*AVAILABLE DATA*.
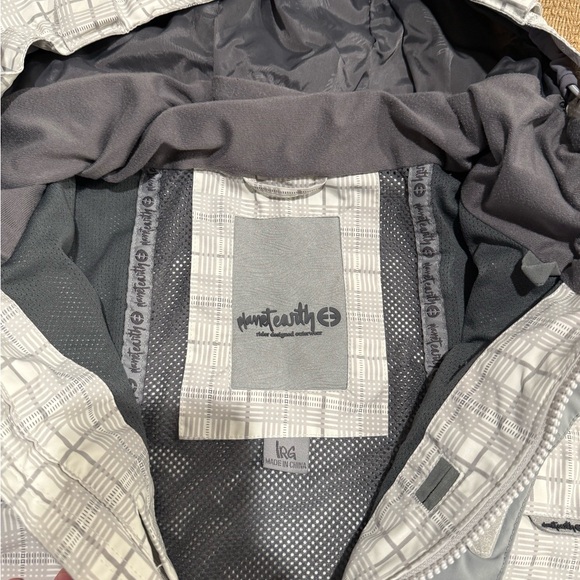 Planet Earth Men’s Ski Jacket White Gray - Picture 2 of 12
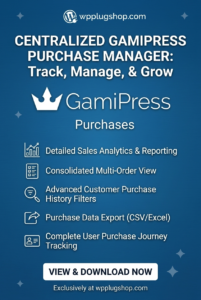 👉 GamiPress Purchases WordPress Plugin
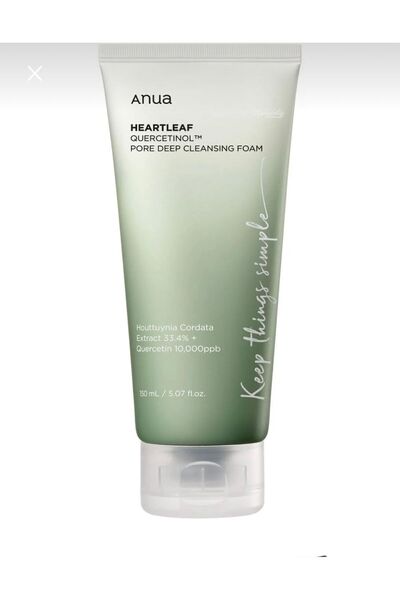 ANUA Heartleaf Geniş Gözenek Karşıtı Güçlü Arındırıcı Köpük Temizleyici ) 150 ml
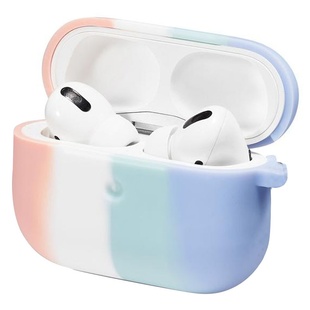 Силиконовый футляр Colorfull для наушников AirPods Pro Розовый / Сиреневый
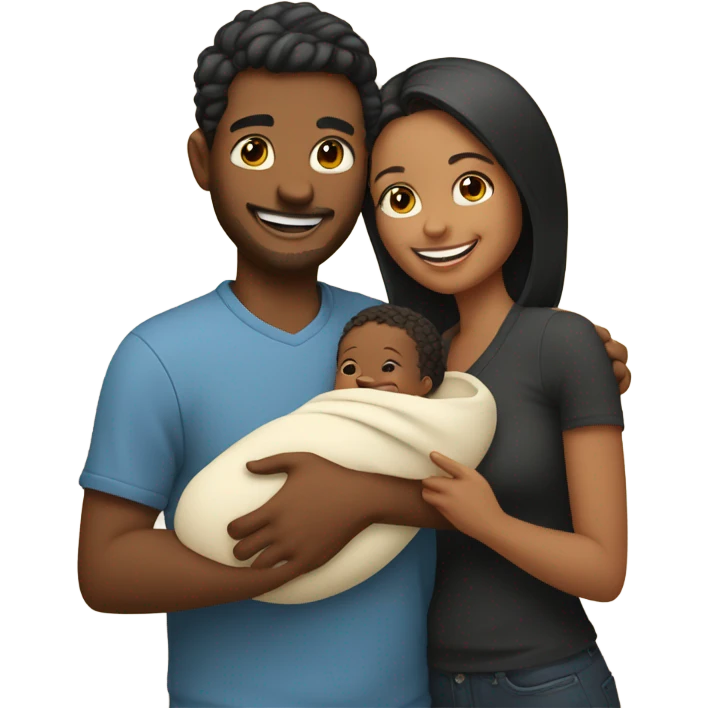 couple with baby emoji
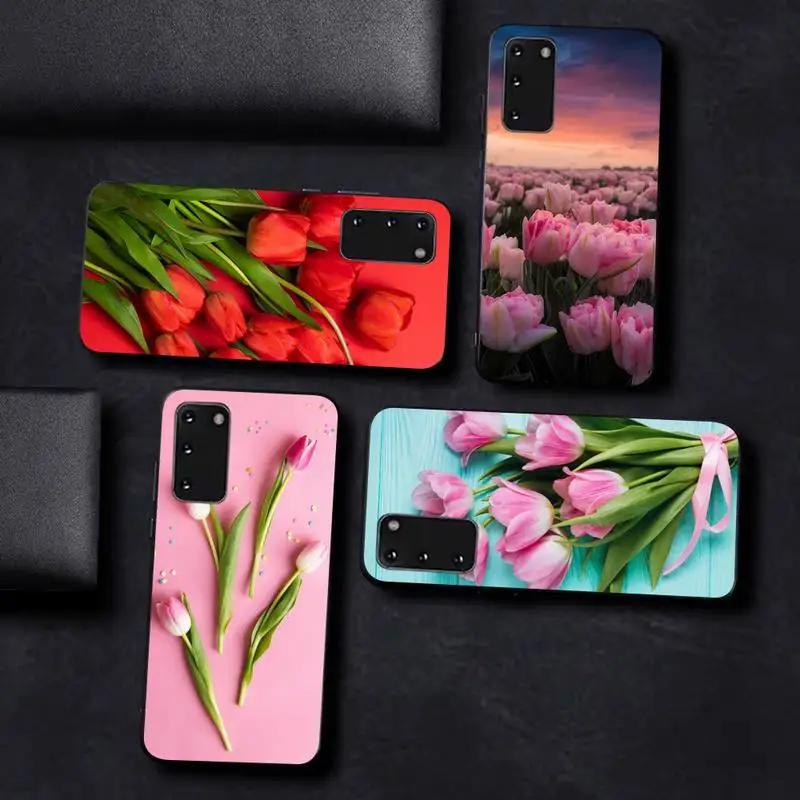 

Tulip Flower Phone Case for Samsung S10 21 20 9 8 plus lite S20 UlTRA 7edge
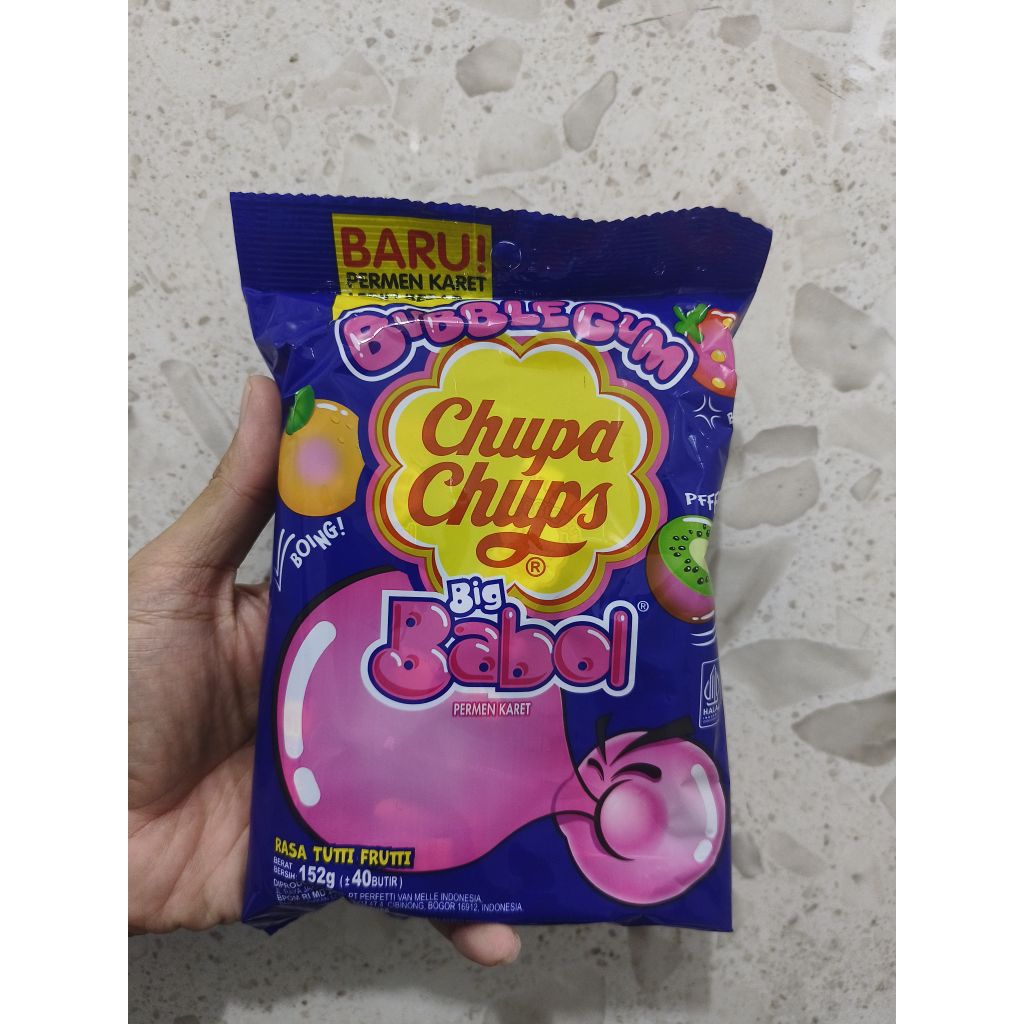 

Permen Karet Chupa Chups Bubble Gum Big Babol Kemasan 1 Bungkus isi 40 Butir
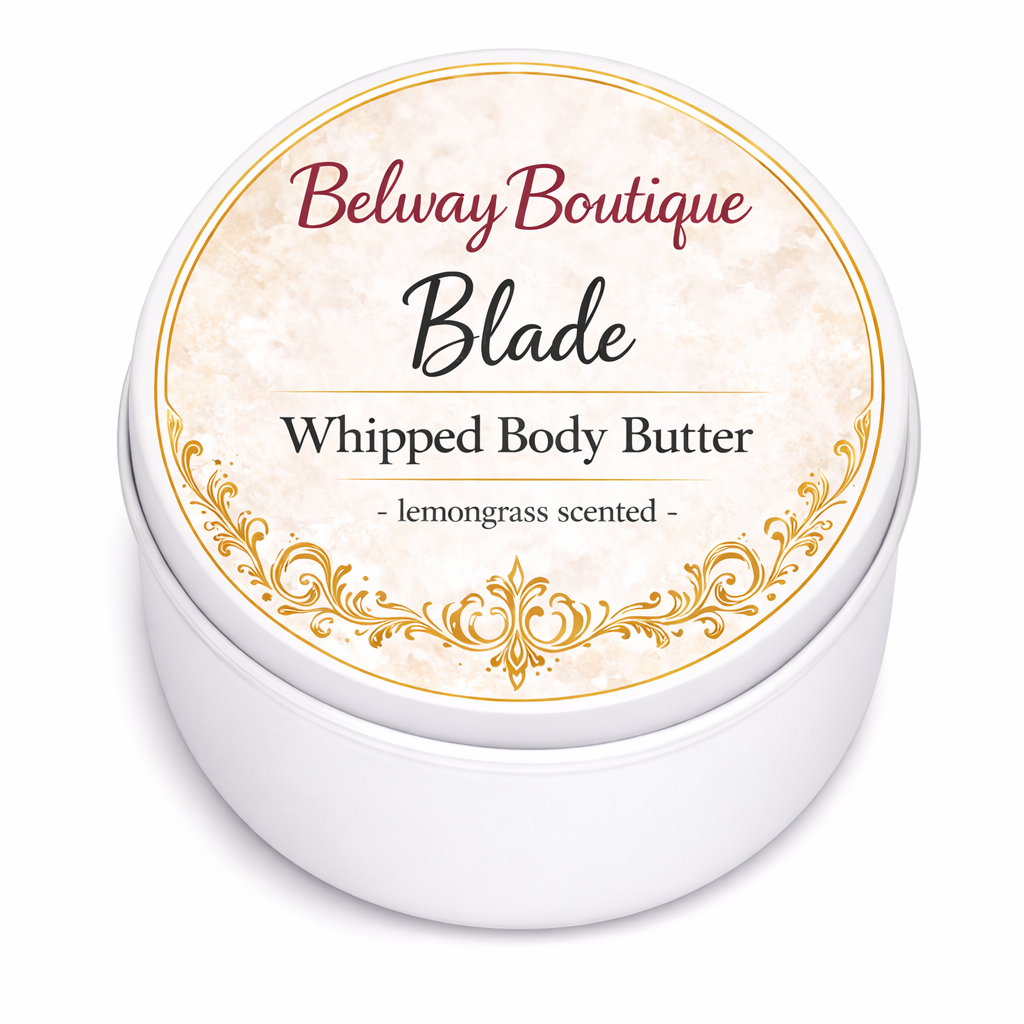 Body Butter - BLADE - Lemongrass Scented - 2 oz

*ACTION ITEM*.
When you give the entries again, keep them exact and omit any picture they contain.

*RESPONSE*.
 Planet Earth Men’s Ski Jacket White Gray - Picture 2 of 12
 👉 GamiPress Purchases WordPress Plugin
 ANUA Heartleaf Geniş Gözenek Karşıtı Güçlü Arındırıcı Köpük Temizleyici ) 150 ml
 Силиконовый футляр Colorfull для наушников AirPods Pro Розовый / Сиреневый
 couple with baby emoji

Tulip Flower Phone Case for Samsung S10 21 20 9 8 plus lite S20 UlTRA 7edge

Permen Karet Chupa Chups Bubble Gum Big Babol Kemasan 1 Bungkus isi 40 Butir
 Body Butter - BLADE - Lemongrass Scented - 2 oz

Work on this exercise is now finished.